Heidegger memperkenalkan konsep inauthenticity, yaitu kehidupan yang tidak otentik ketika manusia menjalani hidup hanya berdasarkan “mereka” (das Man), yakni ekspektasi masyarakat. Oleh sebab itu, pemimpin yang terlalu dikendalikan oleh bayang-bayang ekspektasi eksternal sering kehilangan suara batinnya sendiri.

Salah satu bentuk bayang-bayang paling kuat yang memengaruhi kepemimpinan adalah warisan dari sang ayah atau keluarga. Dalam banyak kasus, terutama di lingkungan politik atau bisnis keluarga, pemimpin generasi kedua hidup di bawah bayangan besar orangtuanya.

Carl Jung menyebut sosok ayah sebagai archetype dari otoritas dan tatanan. Ayah adalah simbol dari struktur, kekuasaan, dan batas. Seorang anak yang kemudian menjadi pemimpin seringkali tidak hanya mewarisi harta atau posisi, tetapi juga beban ekspektasi, untuk mempertahankan, memperbesar, atau menyempurnakan apa yang telah dibangun ayahnya.

Jean-Paul Sartre mengatakan bahwa manusia dikutuk untuk bebas, oleh karena itu ia harus memilih sendiri jalan hidupnya. Tetapi dalam realitas kepemimpinan keluarga, kebebasan itu sering terjerat oleh “perasaan harus melanjutkan” demi menghormati keluarga. Hal inilah yang menciptakan konflik eksistensial.

Solusinya bukan menolak warisan itu secara membabi buta, tetapi, seperti yang dijelaskan Paul Ricoeur, yaitu dengan menafsirkan ulang.

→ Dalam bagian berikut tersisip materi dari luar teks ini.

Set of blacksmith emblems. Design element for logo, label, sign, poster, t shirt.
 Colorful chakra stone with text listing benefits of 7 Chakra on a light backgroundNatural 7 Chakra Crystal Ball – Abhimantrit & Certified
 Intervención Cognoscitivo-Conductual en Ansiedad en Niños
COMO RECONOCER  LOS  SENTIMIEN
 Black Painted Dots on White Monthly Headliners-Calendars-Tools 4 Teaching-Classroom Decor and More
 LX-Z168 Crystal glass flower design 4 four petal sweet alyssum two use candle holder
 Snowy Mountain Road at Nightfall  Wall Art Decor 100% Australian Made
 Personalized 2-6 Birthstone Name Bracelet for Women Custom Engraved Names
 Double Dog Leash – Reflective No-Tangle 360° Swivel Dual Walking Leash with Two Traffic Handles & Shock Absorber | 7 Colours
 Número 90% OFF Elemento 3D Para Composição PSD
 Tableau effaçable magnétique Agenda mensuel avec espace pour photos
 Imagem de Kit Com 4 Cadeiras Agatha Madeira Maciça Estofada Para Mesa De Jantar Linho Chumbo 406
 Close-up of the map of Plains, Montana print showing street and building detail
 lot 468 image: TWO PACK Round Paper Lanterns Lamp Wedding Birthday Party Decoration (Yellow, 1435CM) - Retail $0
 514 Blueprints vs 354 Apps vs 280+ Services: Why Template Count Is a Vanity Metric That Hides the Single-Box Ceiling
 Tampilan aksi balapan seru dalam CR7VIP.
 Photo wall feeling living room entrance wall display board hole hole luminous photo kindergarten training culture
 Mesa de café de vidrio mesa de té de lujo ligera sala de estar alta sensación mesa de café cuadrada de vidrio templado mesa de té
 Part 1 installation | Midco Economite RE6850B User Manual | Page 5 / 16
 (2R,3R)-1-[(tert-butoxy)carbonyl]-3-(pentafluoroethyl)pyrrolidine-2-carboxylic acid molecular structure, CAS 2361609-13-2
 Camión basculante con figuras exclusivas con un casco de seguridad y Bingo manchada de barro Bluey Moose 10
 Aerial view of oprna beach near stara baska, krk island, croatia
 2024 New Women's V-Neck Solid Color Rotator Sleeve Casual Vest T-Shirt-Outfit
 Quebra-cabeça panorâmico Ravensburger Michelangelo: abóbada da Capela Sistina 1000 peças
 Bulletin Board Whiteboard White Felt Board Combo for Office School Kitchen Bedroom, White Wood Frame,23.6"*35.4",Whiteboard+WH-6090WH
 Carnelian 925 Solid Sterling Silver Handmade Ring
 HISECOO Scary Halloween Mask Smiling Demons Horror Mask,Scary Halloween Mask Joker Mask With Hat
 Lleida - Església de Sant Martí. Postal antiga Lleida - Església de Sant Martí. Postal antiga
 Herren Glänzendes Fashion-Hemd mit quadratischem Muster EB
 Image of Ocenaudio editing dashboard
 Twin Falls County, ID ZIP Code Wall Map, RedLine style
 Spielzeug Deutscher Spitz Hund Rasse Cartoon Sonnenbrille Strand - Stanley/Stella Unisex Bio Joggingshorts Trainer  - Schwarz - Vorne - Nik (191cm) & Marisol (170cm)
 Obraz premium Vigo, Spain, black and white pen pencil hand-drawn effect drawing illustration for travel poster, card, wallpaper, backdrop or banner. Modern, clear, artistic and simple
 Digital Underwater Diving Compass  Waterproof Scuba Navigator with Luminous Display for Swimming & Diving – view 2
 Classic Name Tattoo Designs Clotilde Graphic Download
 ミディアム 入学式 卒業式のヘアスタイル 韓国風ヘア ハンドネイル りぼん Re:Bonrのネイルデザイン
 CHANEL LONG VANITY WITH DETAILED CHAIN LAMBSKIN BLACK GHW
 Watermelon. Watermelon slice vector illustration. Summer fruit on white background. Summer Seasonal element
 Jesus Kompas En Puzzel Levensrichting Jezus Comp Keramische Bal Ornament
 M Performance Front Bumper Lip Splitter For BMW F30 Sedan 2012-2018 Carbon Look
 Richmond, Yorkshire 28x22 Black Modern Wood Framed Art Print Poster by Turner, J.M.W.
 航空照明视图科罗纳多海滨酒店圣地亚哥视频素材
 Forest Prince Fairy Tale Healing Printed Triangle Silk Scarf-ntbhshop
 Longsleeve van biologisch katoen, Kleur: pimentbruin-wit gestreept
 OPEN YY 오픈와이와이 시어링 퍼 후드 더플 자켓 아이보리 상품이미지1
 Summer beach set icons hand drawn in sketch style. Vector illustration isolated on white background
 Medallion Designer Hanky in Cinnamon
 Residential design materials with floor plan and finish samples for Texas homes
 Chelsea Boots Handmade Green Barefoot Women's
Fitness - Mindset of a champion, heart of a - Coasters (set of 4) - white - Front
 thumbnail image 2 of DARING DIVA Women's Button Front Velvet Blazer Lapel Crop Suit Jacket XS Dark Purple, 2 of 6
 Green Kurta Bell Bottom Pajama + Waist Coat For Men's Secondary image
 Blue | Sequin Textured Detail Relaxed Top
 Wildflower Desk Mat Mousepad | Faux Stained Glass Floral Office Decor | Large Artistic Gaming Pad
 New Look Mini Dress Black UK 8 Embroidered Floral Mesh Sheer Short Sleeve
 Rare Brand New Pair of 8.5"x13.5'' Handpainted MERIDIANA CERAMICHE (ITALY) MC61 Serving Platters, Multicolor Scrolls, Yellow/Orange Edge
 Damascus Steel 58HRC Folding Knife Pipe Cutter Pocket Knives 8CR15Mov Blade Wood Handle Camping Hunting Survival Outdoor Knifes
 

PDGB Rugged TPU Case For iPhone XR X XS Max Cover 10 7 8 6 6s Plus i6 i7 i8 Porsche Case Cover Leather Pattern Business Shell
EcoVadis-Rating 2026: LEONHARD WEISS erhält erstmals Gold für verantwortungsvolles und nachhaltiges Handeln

Pemimpin perlu berdialog secara kritis terhadap bayangan tersebut: memelihara nilai-nilai luhur, tetapi juga berani melepas warisan yang sudah tak relevan dengan zaman.

Filsafat moral dari Immanuel Kant menyatakan bahwa manusia harus bertindak atas dasar prinsip yang bisa dijadikan hukum universal. Namun dalam praktik kepemimpinan, muncul dilema antara etika dan pragmatisme.

Bayang-bayang target ekonomi, tekanan politik, dan kepentingan kelompok bisa menggoda pemimpin untuk mengorbankan prinsip. Utilitarianisme modern, yang menekankan “kebaikan terbesar bagi jumlah terbesar”, kadang jadi pembenaran untuk mengabaikan hak individu demi kepentingan kolektif.

Dalam tekanan ini, pemimpin yang tidak sadar akan bayang-bayang moral bisa mengambil langkah yang pada akhirnya mengikis integritas dirinya. Filsafat manusia menekankan pentingnya refleksi moral dalam setiap pengambilan keputusan. Pemimpin sejati adalah mereka yang mampu berdiri tegak bahkan ketika pilihan etis lebih berat daripada pilihan pragmatis.

Filsafat manusia juga menuntun kita pada refleksi: pemimpin yang baik bukan yang paling mirip dengan pendahulunya, melainkan yang paling otentik terhadap dirinya sendiri. Ia bisa menghormati ayahnya, tanpa harus menjadi salinannya.
Bayang-bayang yang membayangi seorang pemimpin bisa menjadi beban yang menindih, atau bisa menjadi cermin reflektif yang membimbing.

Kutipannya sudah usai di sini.